Comparison with other approaches

The approach that extracts 16S rDNA reads from whole genome shotgun sequencing data [10,11] is less promising for real samples of this study using 454 sequencing. If whole genome shotgun sequencing were to be conducted perfectly on a real sample, the number of 16S rDNA reads in the data would be about 100 (0.1%*100,000). Consequently, the number of reads confidently classified to a genus would be less than 10 because reads of most genera constituted less than 10% of the total reads (Additional file 2: Figure S3). If sample pooling and non-perfect sequencing were considered, the read number would be even smaller or drop to zero for most genera.
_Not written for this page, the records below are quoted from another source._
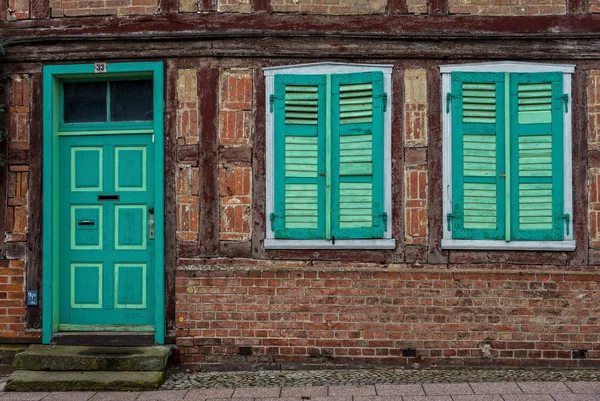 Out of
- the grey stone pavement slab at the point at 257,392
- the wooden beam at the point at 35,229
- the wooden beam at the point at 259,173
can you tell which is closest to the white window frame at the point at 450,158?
the wooden beam at the point at 259,173

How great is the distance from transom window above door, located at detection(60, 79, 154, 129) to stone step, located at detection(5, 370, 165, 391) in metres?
2.62

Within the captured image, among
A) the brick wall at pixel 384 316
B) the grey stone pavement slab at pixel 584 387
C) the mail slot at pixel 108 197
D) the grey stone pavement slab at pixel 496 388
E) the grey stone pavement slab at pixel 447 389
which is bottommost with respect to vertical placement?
the grey stone pavement slab at pixel 447 389

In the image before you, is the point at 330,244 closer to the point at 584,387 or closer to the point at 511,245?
the point at 511,245

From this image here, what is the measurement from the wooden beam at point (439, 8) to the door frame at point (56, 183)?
2888mm

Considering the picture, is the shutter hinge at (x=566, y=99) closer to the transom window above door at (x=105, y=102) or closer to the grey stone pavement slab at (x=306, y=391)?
the grey stone pavement slab at (x=306, y=391)

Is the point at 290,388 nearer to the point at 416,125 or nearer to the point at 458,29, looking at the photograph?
the point at 416,125

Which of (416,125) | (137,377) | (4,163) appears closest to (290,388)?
(137,377)

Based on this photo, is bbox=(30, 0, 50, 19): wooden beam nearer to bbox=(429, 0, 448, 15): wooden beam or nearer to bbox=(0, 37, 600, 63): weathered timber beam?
bbox=(0, 37, 600, 63): weathered timber beam

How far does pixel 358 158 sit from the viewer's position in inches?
259

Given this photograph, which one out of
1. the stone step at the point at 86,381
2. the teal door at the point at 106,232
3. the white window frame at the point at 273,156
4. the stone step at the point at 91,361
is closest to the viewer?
the stone step at the point at 86,381

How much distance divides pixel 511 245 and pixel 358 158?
5.88 feet

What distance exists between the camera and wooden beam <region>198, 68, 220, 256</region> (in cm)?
662

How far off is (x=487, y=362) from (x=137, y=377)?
3473 mm

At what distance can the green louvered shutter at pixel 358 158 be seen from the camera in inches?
258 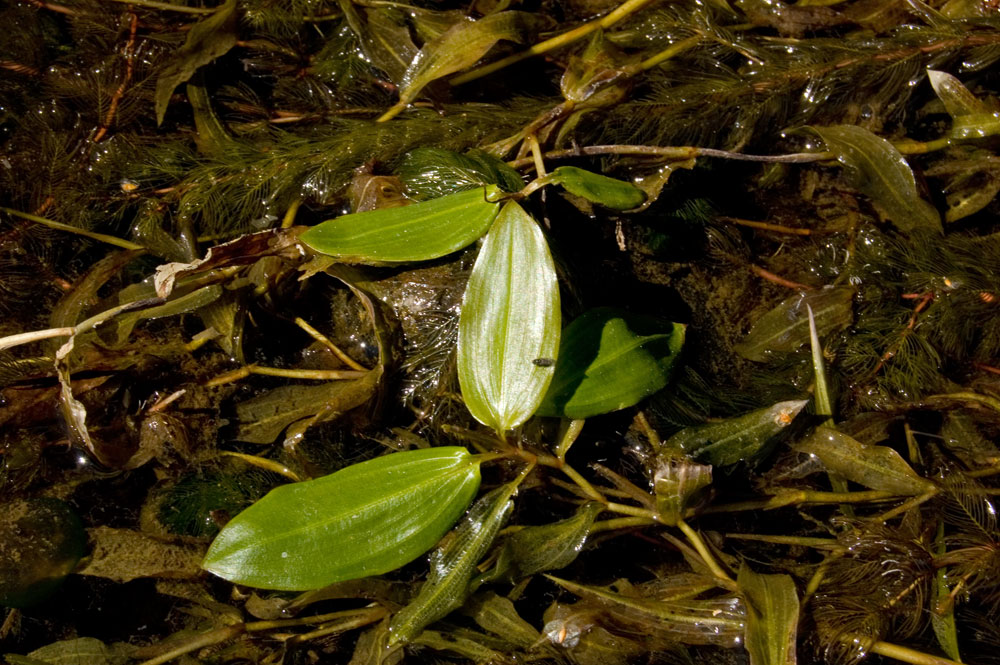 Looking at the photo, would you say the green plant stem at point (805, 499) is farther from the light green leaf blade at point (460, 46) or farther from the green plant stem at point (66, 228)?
the green plant stem at point (66, 228)

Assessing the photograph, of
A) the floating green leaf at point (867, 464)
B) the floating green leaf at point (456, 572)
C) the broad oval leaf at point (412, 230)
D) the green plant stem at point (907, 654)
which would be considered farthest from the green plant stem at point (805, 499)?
the broad oval leaf at point (412, 230)

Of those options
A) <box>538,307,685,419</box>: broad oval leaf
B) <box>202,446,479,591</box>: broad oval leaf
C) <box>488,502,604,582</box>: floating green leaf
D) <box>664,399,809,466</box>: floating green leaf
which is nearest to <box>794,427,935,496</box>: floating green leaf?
<box>664,399,809,466</box>: floating green leaf

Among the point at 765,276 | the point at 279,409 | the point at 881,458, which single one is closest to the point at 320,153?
the point at 279,409

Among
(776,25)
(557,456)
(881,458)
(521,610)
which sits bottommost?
(521,610)

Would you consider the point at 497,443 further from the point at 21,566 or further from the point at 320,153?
the point at 21,566

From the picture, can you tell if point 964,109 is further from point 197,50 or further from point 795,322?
point 197,50

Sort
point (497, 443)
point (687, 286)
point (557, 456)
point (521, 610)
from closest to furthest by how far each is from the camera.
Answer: point (497, 443), point (557, 456), point (521, 610), point (687, 286) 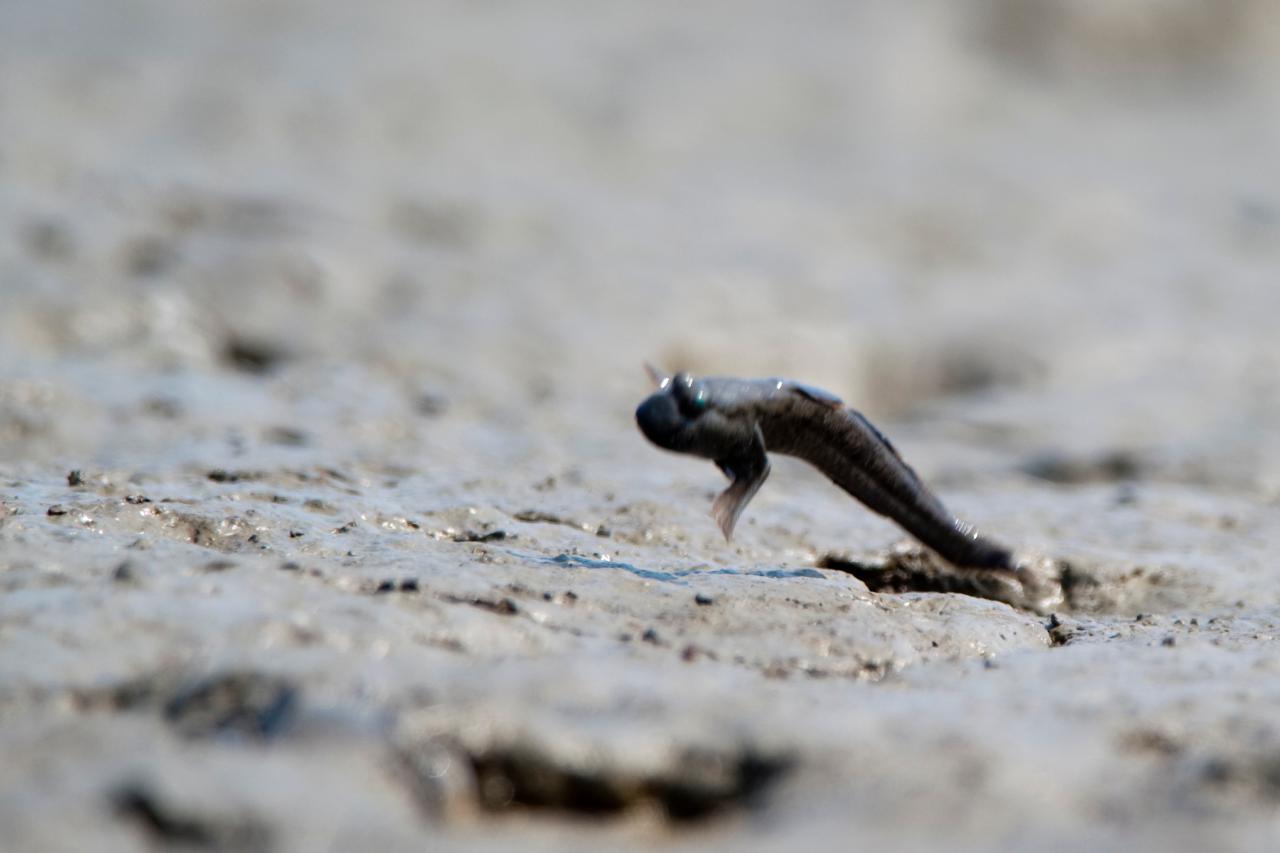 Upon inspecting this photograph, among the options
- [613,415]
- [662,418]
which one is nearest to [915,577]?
[662,418]

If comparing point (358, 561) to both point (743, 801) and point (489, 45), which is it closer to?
point (743, 801)

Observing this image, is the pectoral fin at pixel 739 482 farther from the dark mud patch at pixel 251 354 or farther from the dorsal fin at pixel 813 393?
the dark mud patch at pixel 251 354

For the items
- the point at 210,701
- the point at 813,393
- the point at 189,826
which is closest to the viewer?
the point at 189,826

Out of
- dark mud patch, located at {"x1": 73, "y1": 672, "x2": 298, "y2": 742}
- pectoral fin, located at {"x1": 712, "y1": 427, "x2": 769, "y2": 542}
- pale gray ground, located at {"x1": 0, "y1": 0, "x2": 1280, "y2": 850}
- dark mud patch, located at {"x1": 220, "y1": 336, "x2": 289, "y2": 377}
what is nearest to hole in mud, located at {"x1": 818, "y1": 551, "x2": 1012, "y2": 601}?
pale gray ground, located at {"x1": 0, "y1": 0, "x2": 1280, "y2": 850}

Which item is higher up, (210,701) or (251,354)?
(251,354)

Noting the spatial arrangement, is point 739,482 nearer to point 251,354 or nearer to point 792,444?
point 792,444

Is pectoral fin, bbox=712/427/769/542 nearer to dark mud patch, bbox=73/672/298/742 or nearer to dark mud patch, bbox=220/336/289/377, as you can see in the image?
dark mud patch, bbox=73/672/298/742

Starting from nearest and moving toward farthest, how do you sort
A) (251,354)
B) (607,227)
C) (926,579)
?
(926,579) → (251,354) → (607,227)
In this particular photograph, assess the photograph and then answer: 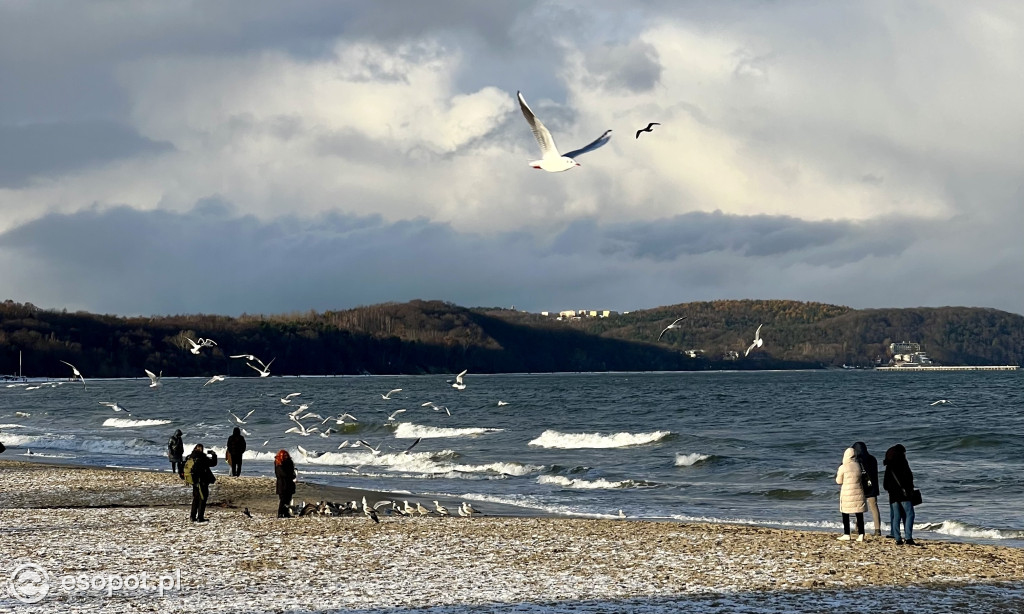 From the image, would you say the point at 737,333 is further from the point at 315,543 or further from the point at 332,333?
the point at 315,543

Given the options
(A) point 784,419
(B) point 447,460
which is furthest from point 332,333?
(B) point 447,460

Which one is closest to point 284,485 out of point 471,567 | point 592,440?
point 471,567

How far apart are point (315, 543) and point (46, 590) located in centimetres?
424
It is noteworthy that the whole genome approach is more promising if Illumina sequencing is applied. However, the performance of our pipeline is also expected to increase using Illumina data. Thus, a comprehensive comparison is still needed. For comparison with the targeted approach using one single primer [12], primer bias was estimated as follows. For each of the six primers and the primer used in the previous targeted approach, the percentage of 16S rDNA references that could be amplified was determined using ePCR. Only 0.2% of the full-length 16S rDNA sequences were missed by all six primers (data not shown). In contrast, 7.4% were missed by the primer in the previous targeted approach. Despite greater primer bias, the previous targeted approach is advantageous once a 16S rDNA gene can be amplified. Because amplified genes are under shotgun sequencing, there will be no concern for non-uniform amplification across multiple primers. As a result, fewer reads are needed for obtaining a long 16S rDNA sequence.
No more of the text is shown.